I got up before seven at the hostel in Valladoid (which, by the way, is simply fantastic and I should write more about it) along with three Aussies who were going the same day. After deliberating over which of Valladoid's two bus stations we should go to, we caught our second class bus on time at 7:30. We were in Chichen Itza before 8:30 and walked straight in without any waiting.
There were maybe a dozen people on top of the main Kulkukan pyramid, so I went straight to the top of it first. The view from there is simply amazing, looking out over the mammoth structures and the never ending jungle of the Yucatan. I checked out a few of the sites we'd either missed or breezed by on the last trip and met a couple from Atlanta I'd talked to in Valladoid the day before.
At 11:00 it was time for the big event. The big Kulkukan pyramid was built right on top of a previous pyramid in the same place.

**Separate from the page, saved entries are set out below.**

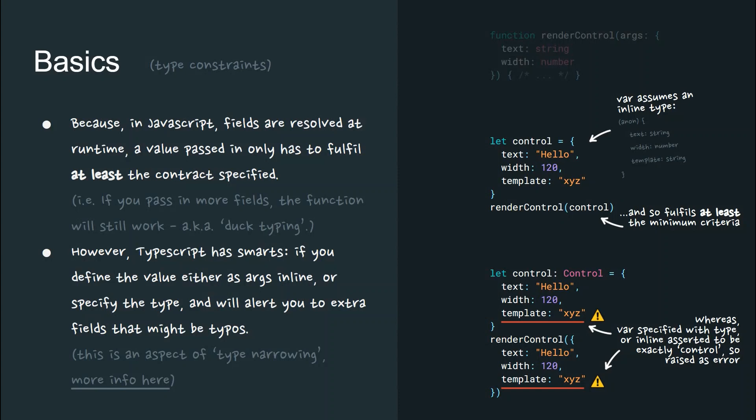However, TypeScript is smart. If you define the value either as args inline or specify the type alongside the value, it will alert you to extra fields that might actually be typos. This is an aspect of type narrowing, and links are included for more information.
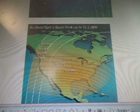Here's the KU band spot 2 beam peak over another area of North America. There's the spot 3 beam peak, which is over South America.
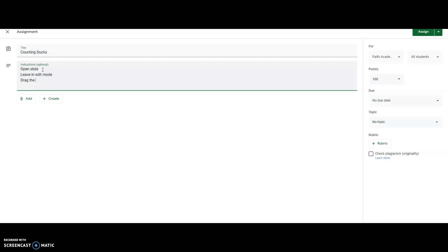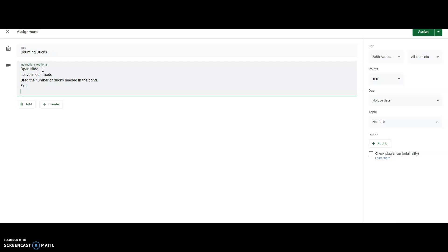drag the number of ducks needed in the pond and then exit and then submit. Alright, so I have my directions. Then I'm going to click add,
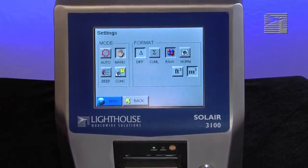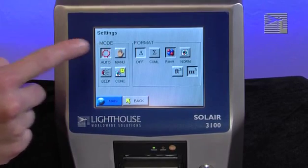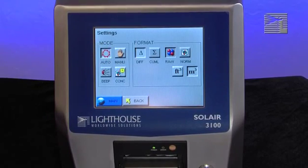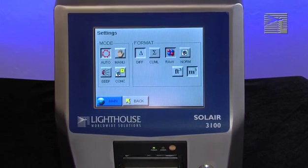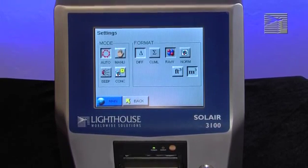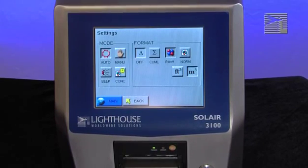When the instrument is in Auto mode, it will start counting particles automatically according to the sample time, hold time, and the number of cycles that are configured. If cycles are set to zero, the instrument will continue indefinitely until the stop button is pressed.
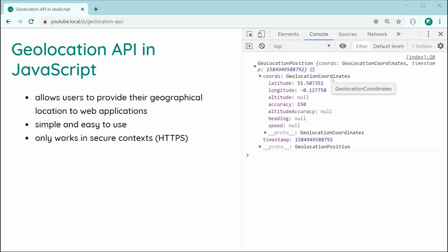So as we can see here, we've got latitude, longitude, altitude, accuracy. Now, from what I can see and in my experience with the geolocation API, most of the time, the latitude and longitude are going to be provided as well as the accuracy. However, sometimes you may not get the heading, the speed and the other stuff. So just keep that in mind. But anyway, that's a successful geolocation position retrieval.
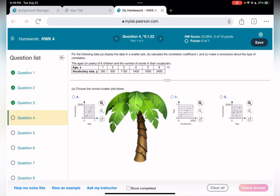Question number four: we need to find which scatter plot matches the data table. First, let's see if the data is increasing or decreasing. Looking at the table, when X is 1, Y is 300, and when X is 6, Y is 2,450. Going through 1, 2, 3, 4, 5, 6 — it's steadily increasing. This means as X increases, Y also increases, so we have a positive linear correlation. That narrows it down to either A or C.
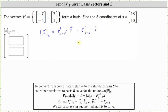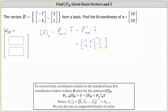The inverse of the transition matrix from B to S is equal to the inverse of the matrix formed using the basis vectors from set B. So we need to find the inverse of that matrix, where the first column is the first basis vector (-7, -4) and the second column is the second basis vector (2, 1), times the coordinates of vector X relative to the standard basis, which are 18 and 10.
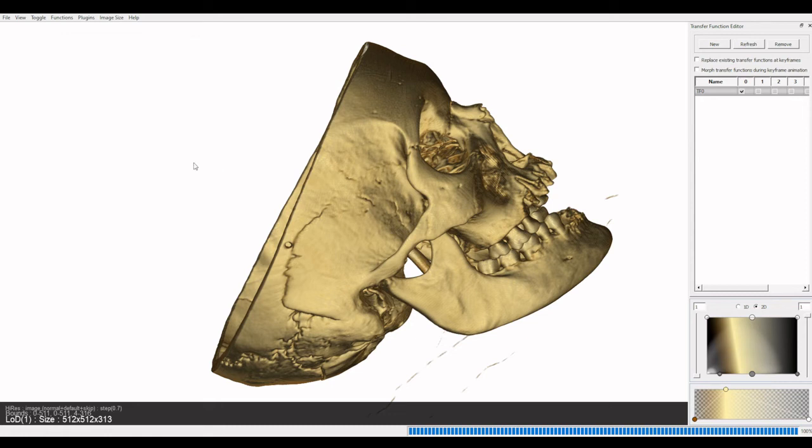Humans are Catarrhine primates, and like any other Catarrhine primate, there are several anatomical features that distinguish them from Platyrrhine primates — Platyrrhine primates being, of course, South American monkeys.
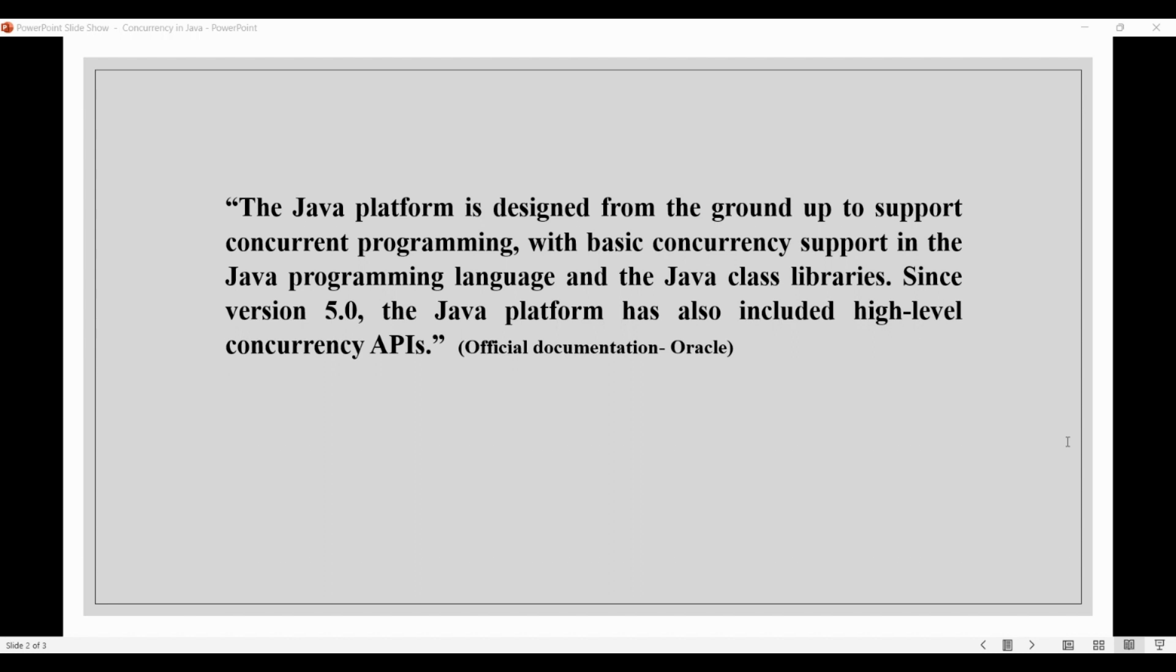And in fact, from the latest release of Java, which is Java 19, we now have some more interesting features related to concurrency, like virtual threads and structured concurrency. So basically, you can't avoid concurrency in Java. It is inherent in the platform and critical to achieve good performance from multi-core processors.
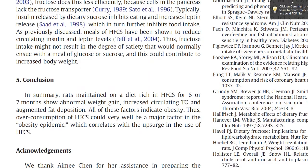I'll give the authors the final word. Section 5, Conclusion: in summary, rats maintained on a diet rich in HFCS for 6 or 7 months show abnormal weight gain, increased circulating triglycerides, and augmented fat deposition. All of these factors indicate obesity. Thus, overconsumption of HFCS could very well be a major factor in the obesity epidemic, which correlates with the upsurge in the use of HFCS.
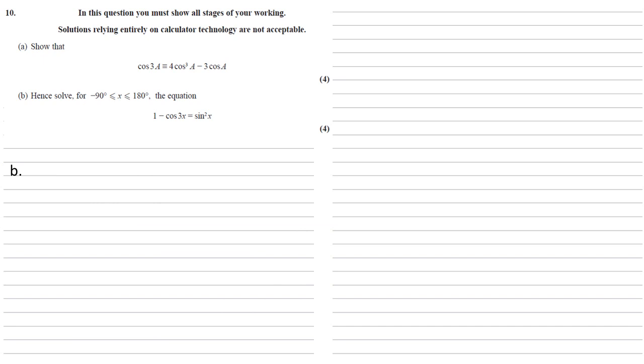Part b, hence solve for x between minus 90 degrees and positive 180 degrees the equation 1 minus cos 3x equals sine squared x. So we've got this equation, and as our question says hence, this means we need to look at what we've done in part a to see if this is helpful. Well, we've got a cos 3x here.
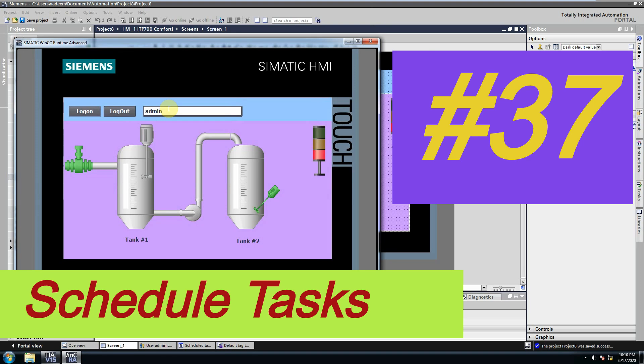Welcome to another training session of the WinCC TR portal. In this tutorial we will see how to use schedule tasks in HMI programming.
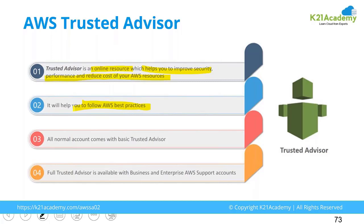All the accounts come with this basic Trusted Advisor. There are a lot of parameters on which Amazon checks your account, but all of them don't come for free to you. The kind of support plan that you are opting, you will be given the access to the Trusted Advisor parameters.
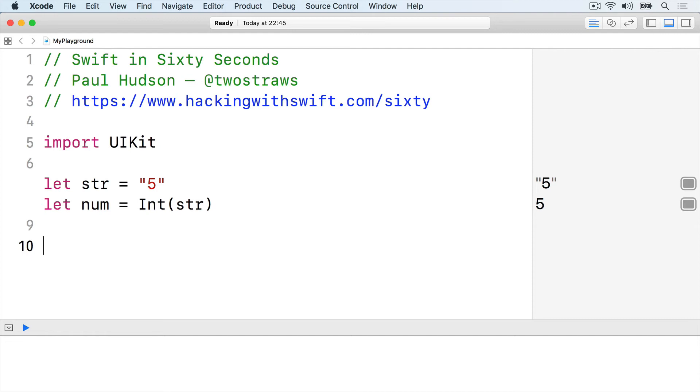As an example, we could code a person struct that must be created using a 9 letter id string. If anything other than a 9 letter string is used, we'll return nil, otherwise we'll continue as normal. Here's that in Swift.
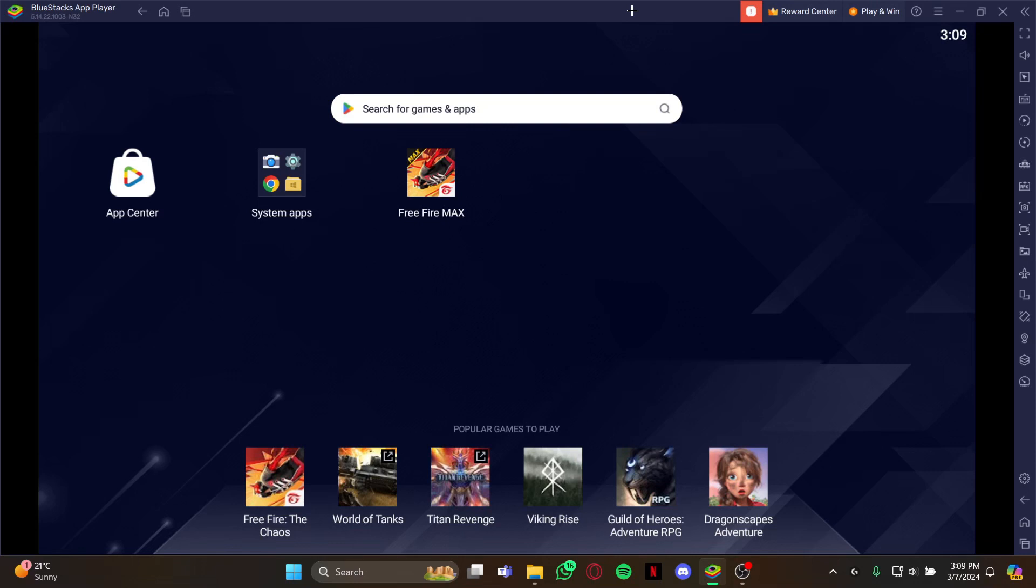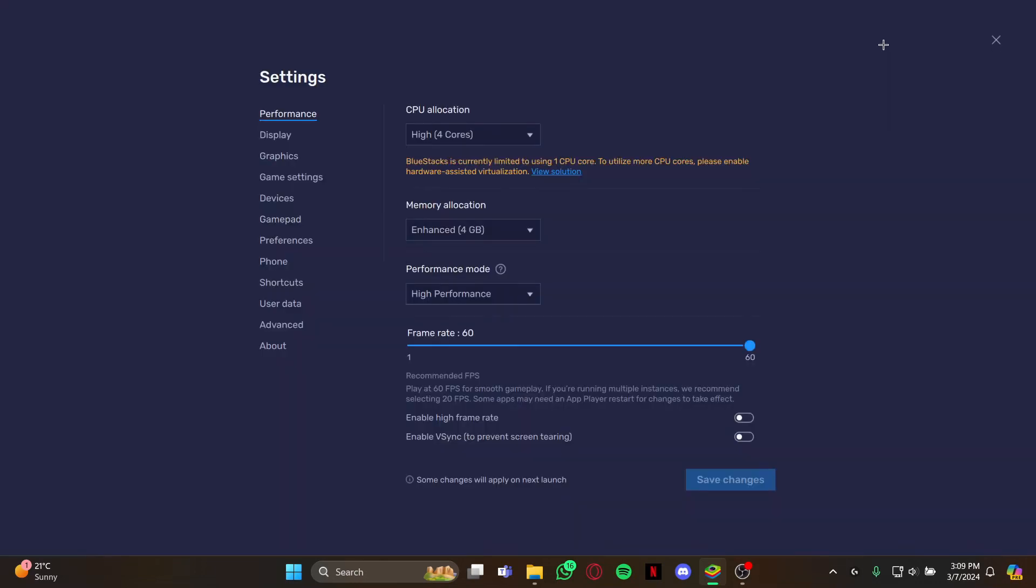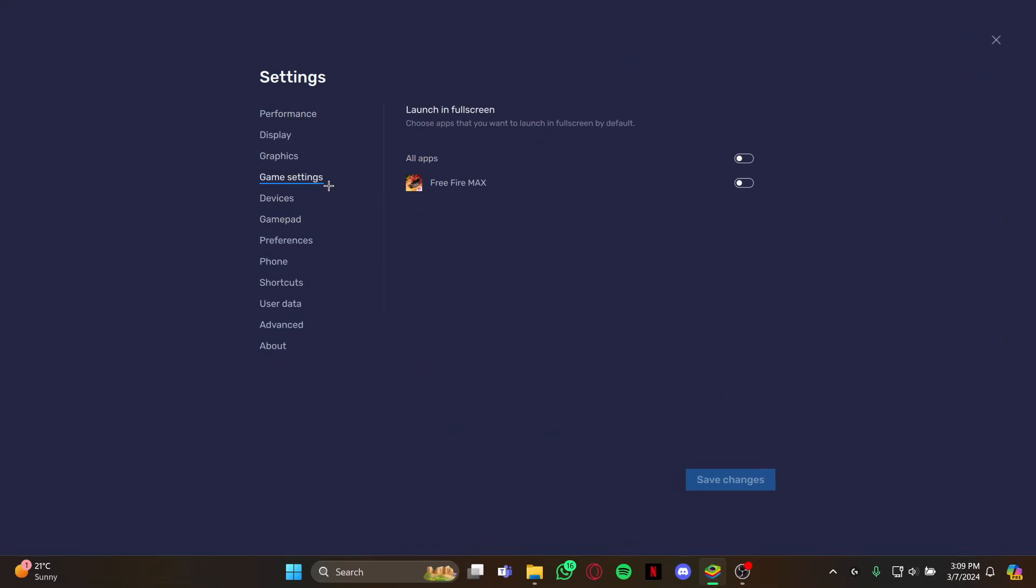And as you see, just select it and open the settings from here. And as you open your settings, go to the option Game Settings and you can see the option right here, Launching Full Screen.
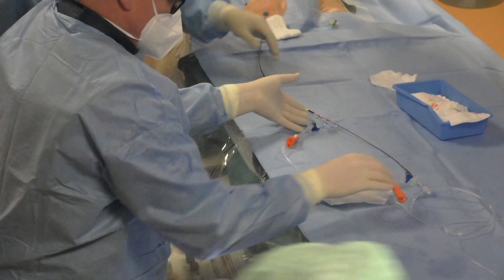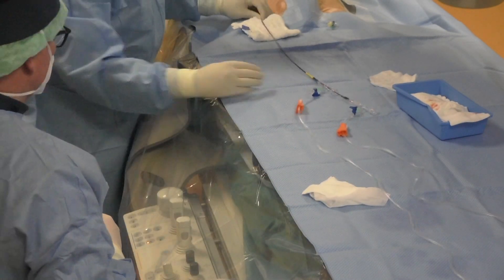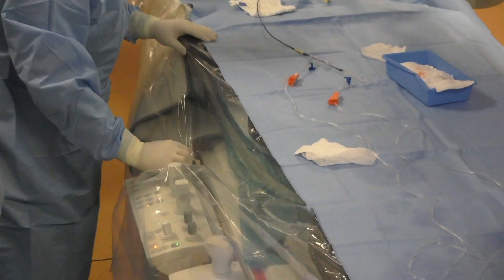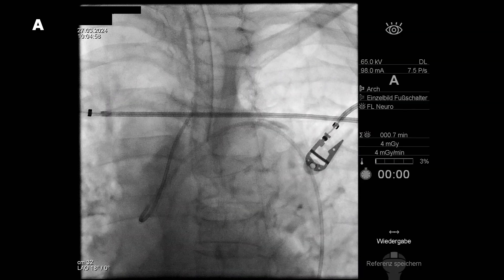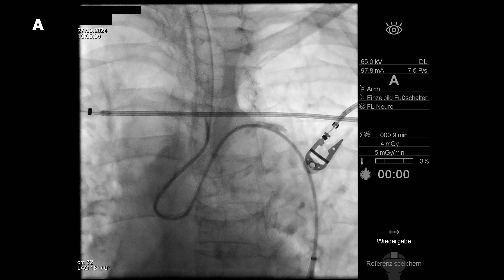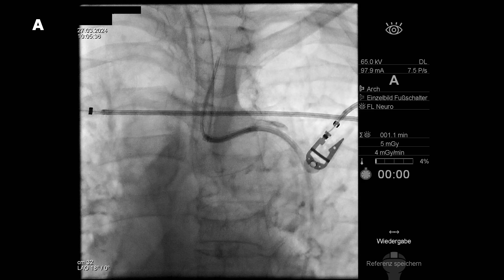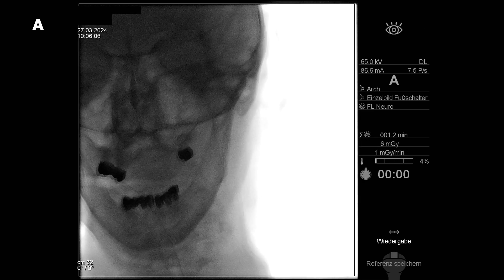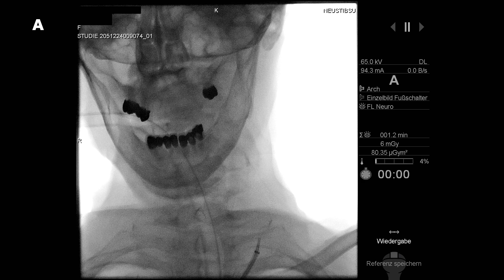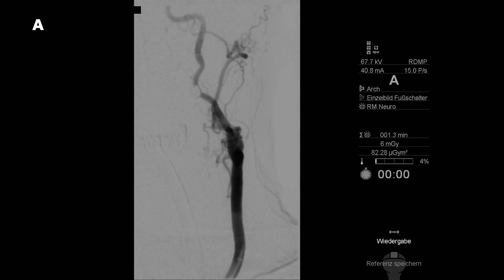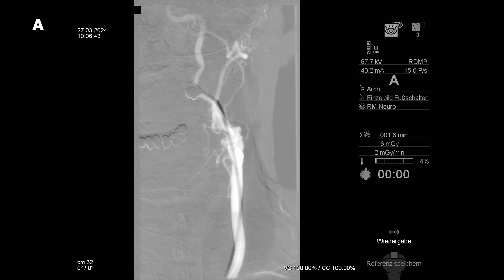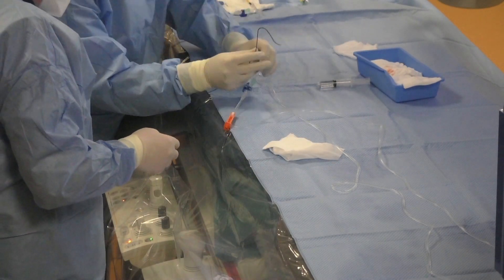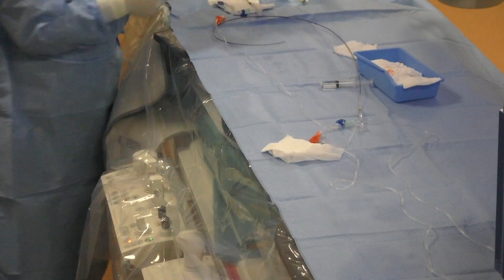We insert the long sheath NeuronMax with the Penumbra Select catheter into the short femoral sheath. We move the angio table to see the aortic arch. The Penumbra Select catheter is already configured and we navigate to the left common carotid artery. Now we're pushing the NeuronMax long sheath a little bit distally. We make a roadmap to see the anatomy, then push the Penumbra Select catheter into the internal carotid artery along with the long sheath NeuronMax.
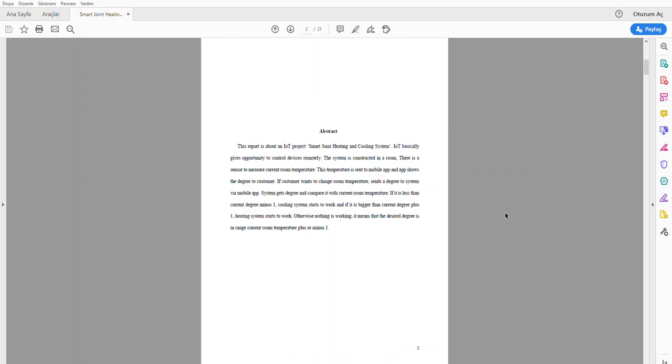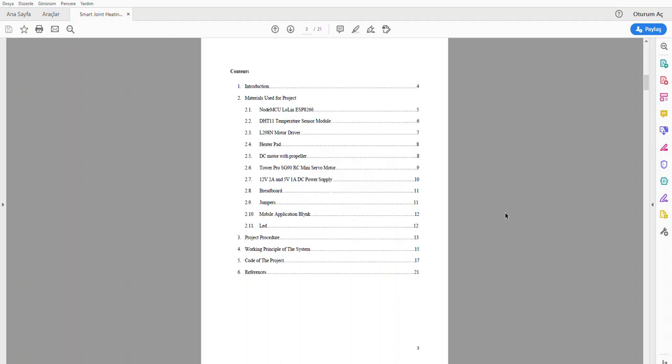This is the abstract of the report, but I don't want to go over it, because after this video series, you will totally understand what is written in the abstract. Let's go over the content.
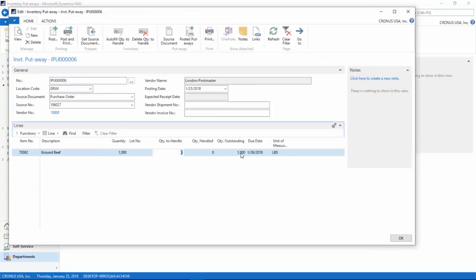From here, they need to specify how many pounds did they receive on the shipment, and this is typically on the bill of lading. So in this case, I am just going to say I am going to receive the full thousand.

The Jaguar and Chac-Mool Inside the Main Pyramid
They've excavated out a little stairway up to the top of the interior, where there are amazingly well preserved sculptures of a jaguar and Chac Mool... a reclining thing that I think delivered sacrifices to the gods.
So about this little stairway... you go in at the base through this tiny passageway about 6.5 feet tall and four feet wide. I'm very claustrophobic. I got maybe 20 feet in and freaked. I turned around and forced my way back out. So I went and ate my lunch... a bag of Doritos I'd brought from Valladoid, a good spicy green kind you can't get in the US. After seeing everything in the older section of Chichen Itza, which we'd completely missed before... I psyched myself up to go back into the pyramid.
I convinced myself that once I got past the initial tight passageway, it would open up and be a much wider stairway to the top. So I took some deep breaths and kept my head down and made it to the beginning of the stairway. It's even tighter. A straight, narrow, steep stairway all the way up. I dunno how far... maybe 90 steps. And it kept getting hotter and hotter and damper and damper. I got through it by not looking up, keeping a distance from the person in front of me, and hoping a room at the top would open into a larger area. Not so. At the top there's a tiny room and the guide makes everybody jam in because it's the only way to get turned around and headed back down. That was very bad. And the trip down wasn't much better because I wasn't able to keep my head down. I was forced to look at the tight walls and imagine a huge person above me falling and smothering us all under a mass of flesh and fanny packs. But I got out with a photo to prove it. Phobia conquered... or at least averted.
I caught a ride back with the Atlanta folks who were also staying in Valladoid. They had a little rental car and warned me they would be making many souvenir stops on the way back. They weren't lying. And we stopped at a cenote... an underground lake/river we hadn't seen on the Christmas Eve trip. The guy started a mini-melee by handing out a dollar or two to the swarming kids. That wasn't fun.
On to Izamal, the yellow city, tomorrow... then Merida for New Years.